Stored records:
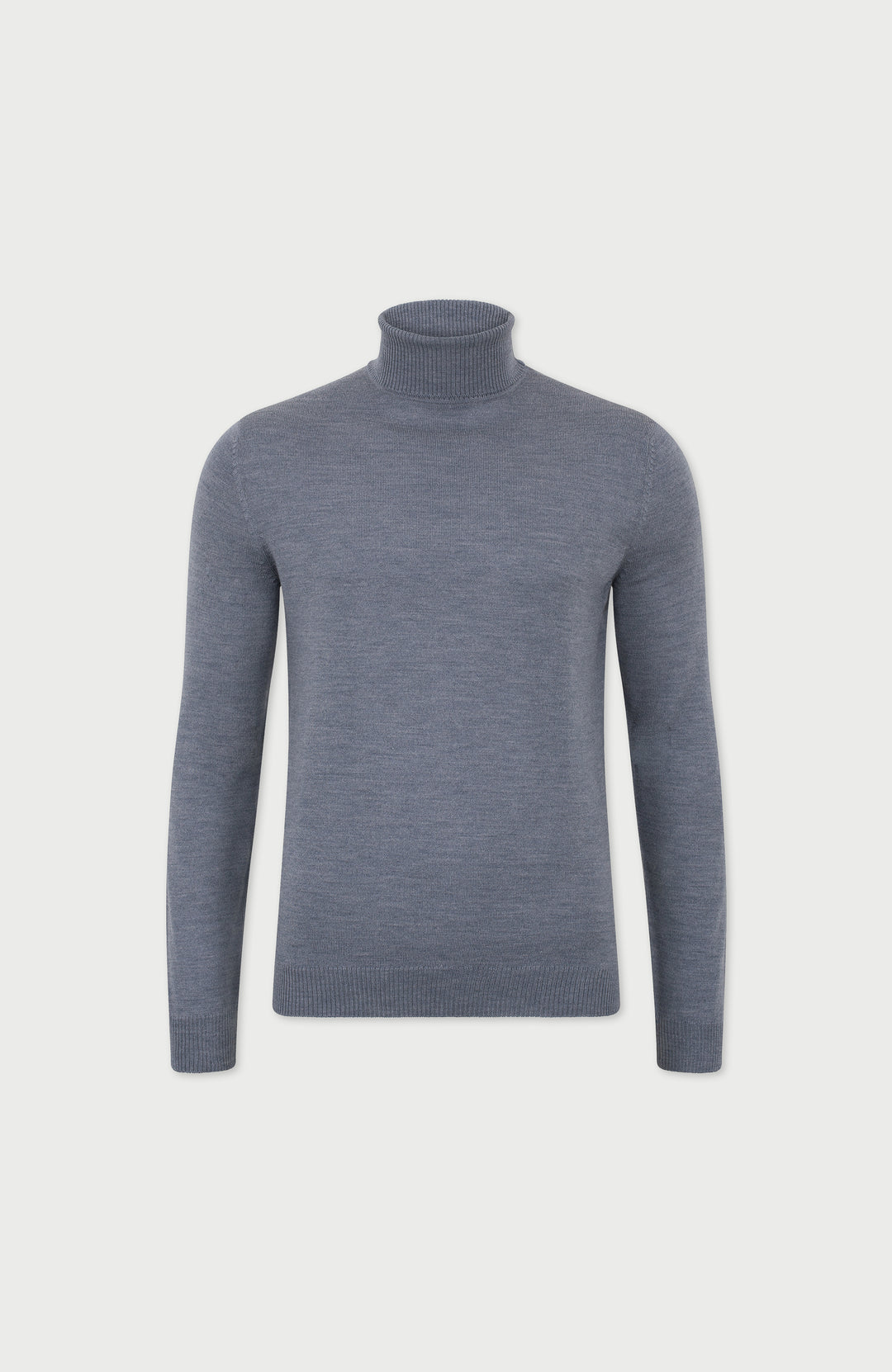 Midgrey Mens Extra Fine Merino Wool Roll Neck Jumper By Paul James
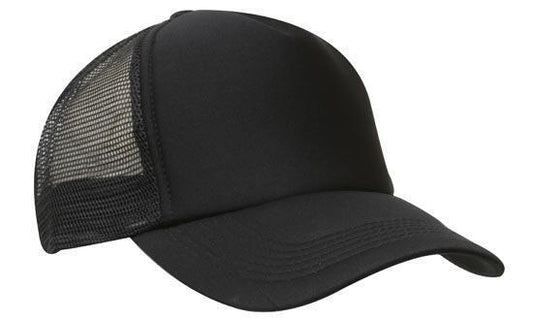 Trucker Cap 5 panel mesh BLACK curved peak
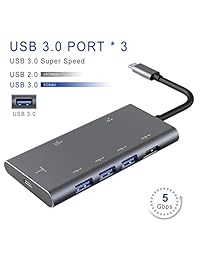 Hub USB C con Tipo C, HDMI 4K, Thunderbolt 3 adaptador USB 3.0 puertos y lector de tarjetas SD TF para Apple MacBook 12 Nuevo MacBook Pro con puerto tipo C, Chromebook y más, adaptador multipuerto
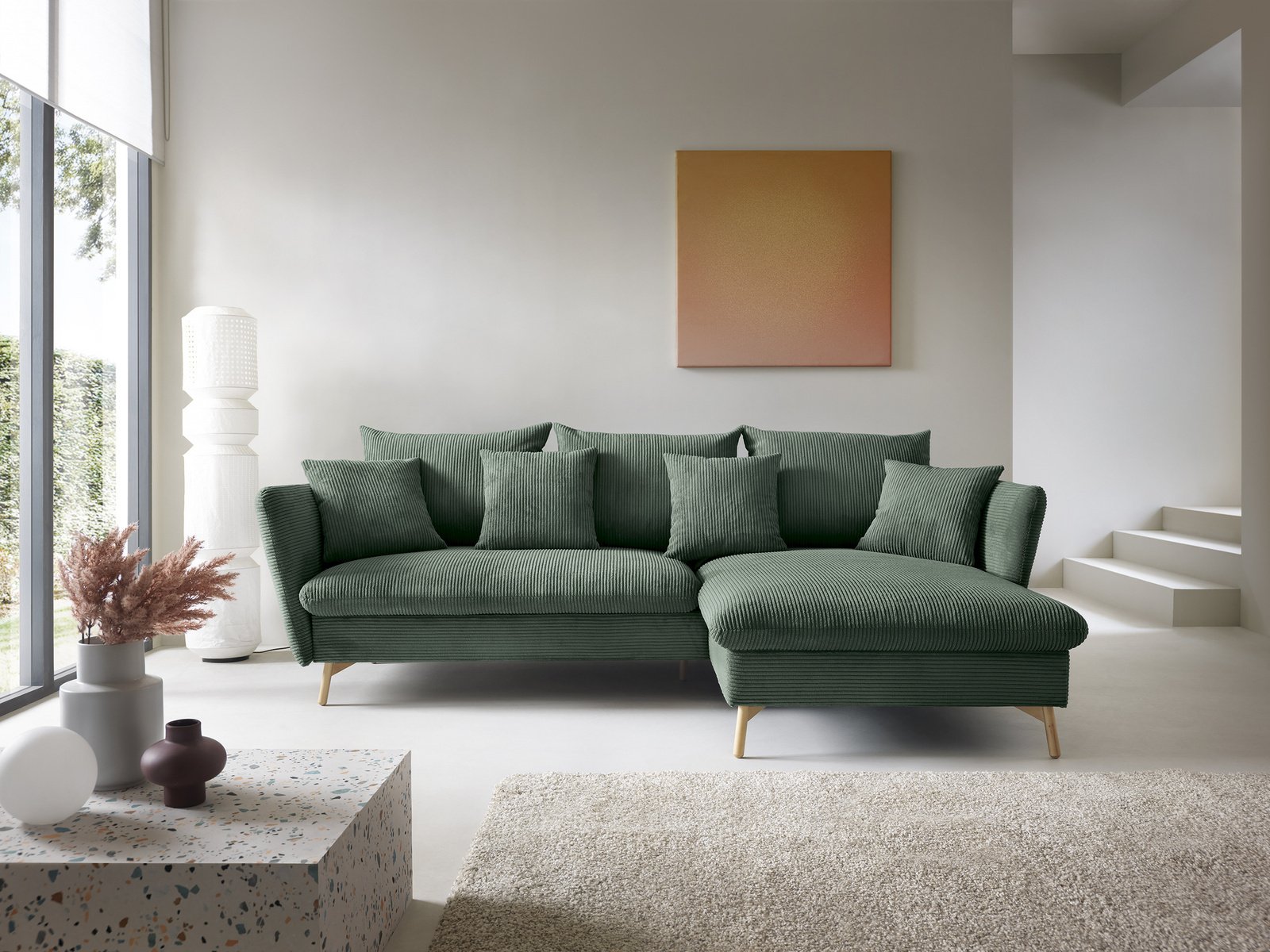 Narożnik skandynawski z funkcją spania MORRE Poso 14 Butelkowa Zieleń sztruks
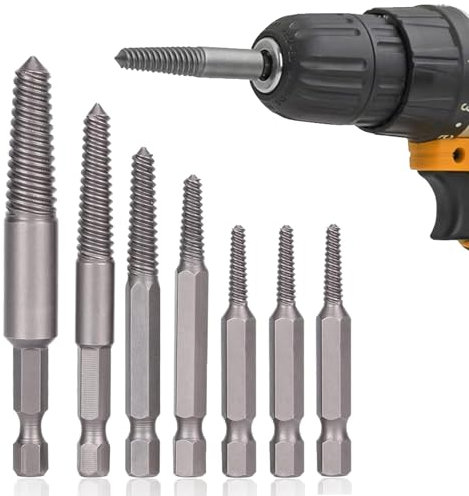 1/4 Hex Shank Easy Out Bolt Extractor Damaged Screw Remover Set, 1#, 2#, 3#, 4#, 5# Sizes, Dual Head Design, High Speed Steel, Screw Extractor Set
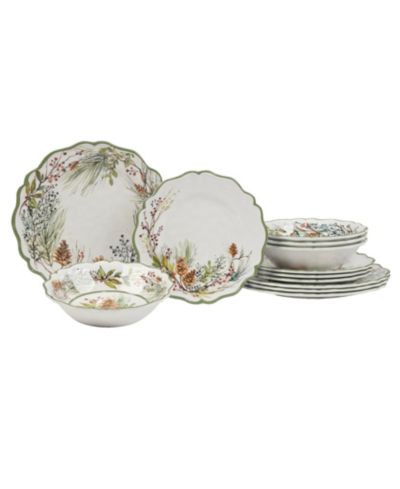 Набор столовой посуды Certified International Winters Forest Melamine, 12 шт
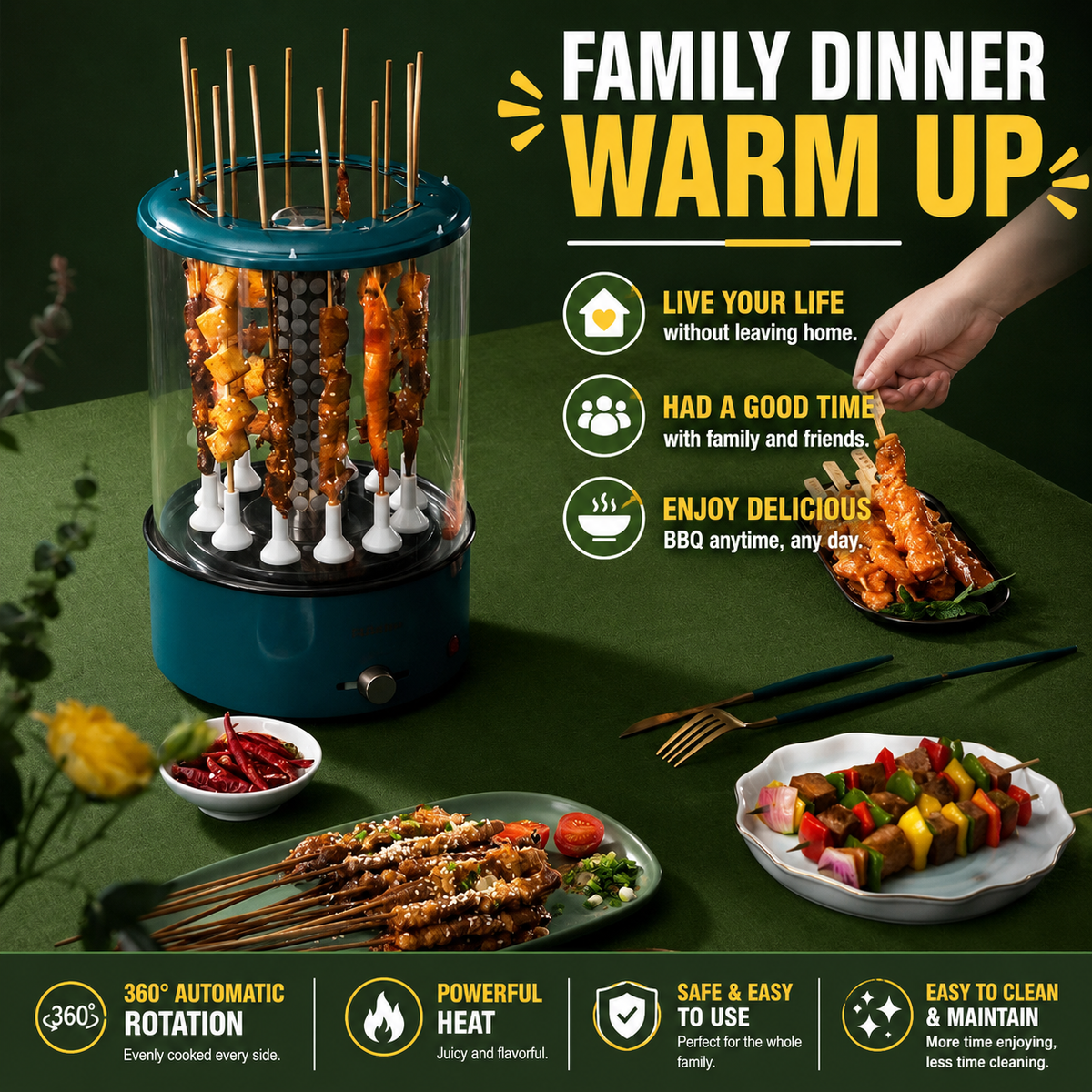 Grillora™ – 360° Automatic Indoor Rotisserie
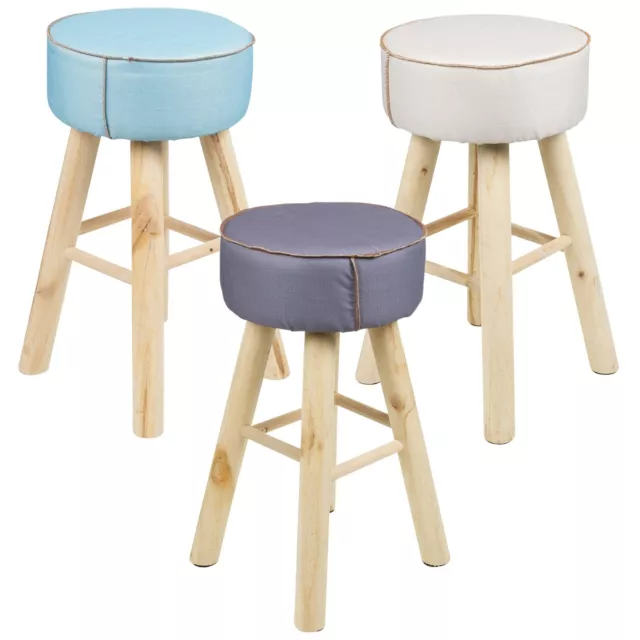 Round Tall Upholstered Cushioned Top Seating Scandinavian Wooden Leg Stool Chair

▸ Instructions for the task
The stretch to restate runs from the line above containing "Trucker Cap 5 panel mesh BLACK curved peak" through the line containing "Grillora™ – 360° Automatic Indoor Rotisserie". Copy it word for word, ends included, without pictures.

▸ Task response
 Trucker Cap 5 panel mesh BLACK curved peak
 Hub USB C con Tipo C, HDMI 4K, Thunderbolt 3 adaptador USB 3.0 puertos y lector de tarjetas SD TF para Apple MacBook 12 Nuevo MacBook Pro con puerto tipo C, Chromebook y más, adaptador multipuerto
 Narożnik skandynawski z funkcją spania MORRE Poso 14 Butelkowa Zieleń sztruks
 1/4 Hex Shank Easy Out Bolt Extractor Damaged Screw Remover Set, 1#, 2#, 3#, 4#, 5# Sizes, Dual Head Design, High Speed Steel, Screw Extractor Set
 Набор столовой посуды Certified International Winters Forest Melamine, 12 шт
 Grillora™ – 360° Automatic Indoor Rotisserie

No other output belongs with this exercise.